DATA FOR THIS EXERCISE -
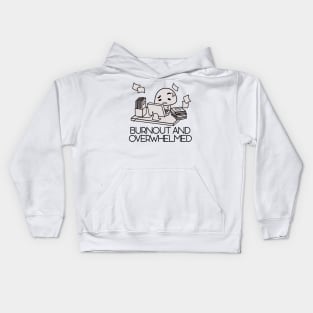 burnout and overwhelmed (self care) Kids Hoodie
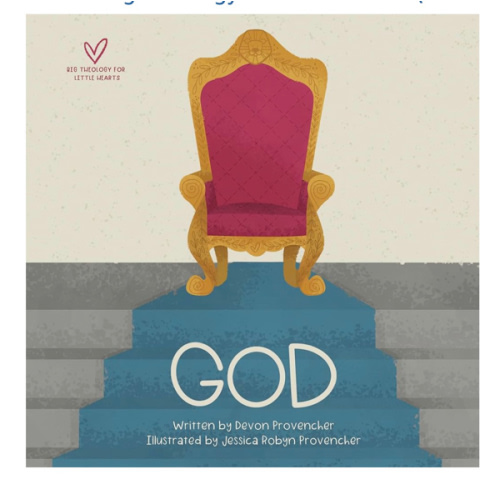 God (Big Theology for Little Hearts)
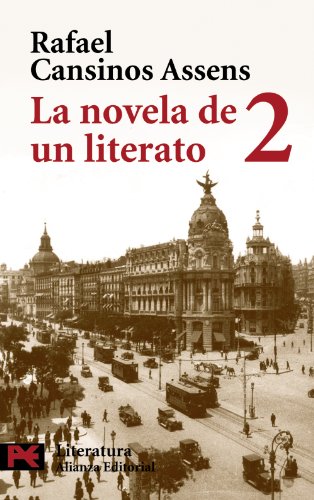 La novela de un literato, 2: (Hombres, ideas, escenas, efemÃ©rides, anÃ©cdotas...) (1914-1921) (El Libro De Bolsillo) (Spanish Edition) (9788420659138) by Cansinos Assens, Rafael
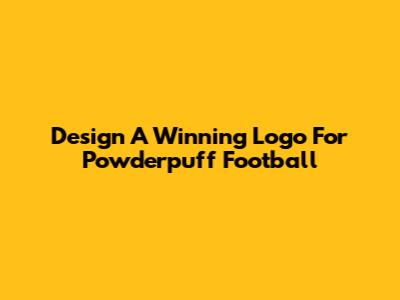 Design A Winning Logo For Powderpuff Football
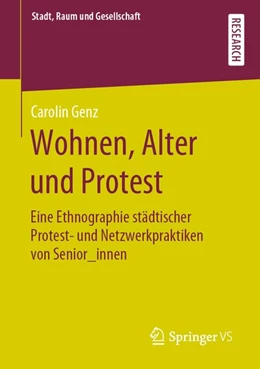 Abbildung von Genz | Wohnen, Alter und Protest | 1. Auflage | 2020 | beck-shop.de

...

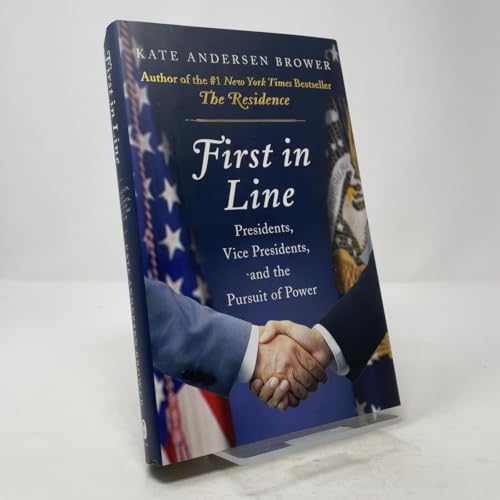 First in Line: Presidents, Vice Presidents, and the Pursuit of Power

WORK TO BE COMPLETED - An exact copy is needed of the entries above, starting at the line that holds "Design A Winning" and stopping at the line that holds "Abbildung von Genz", both kept; pictures stay out.

OUTPUT FOR THIS EXERCISE -
 Design A Winning Logo For Powderpuff Football
 Abbildung von Genz | Wohnen, Alter und Protest | 1. Auflage | 2020 | beck-shop.de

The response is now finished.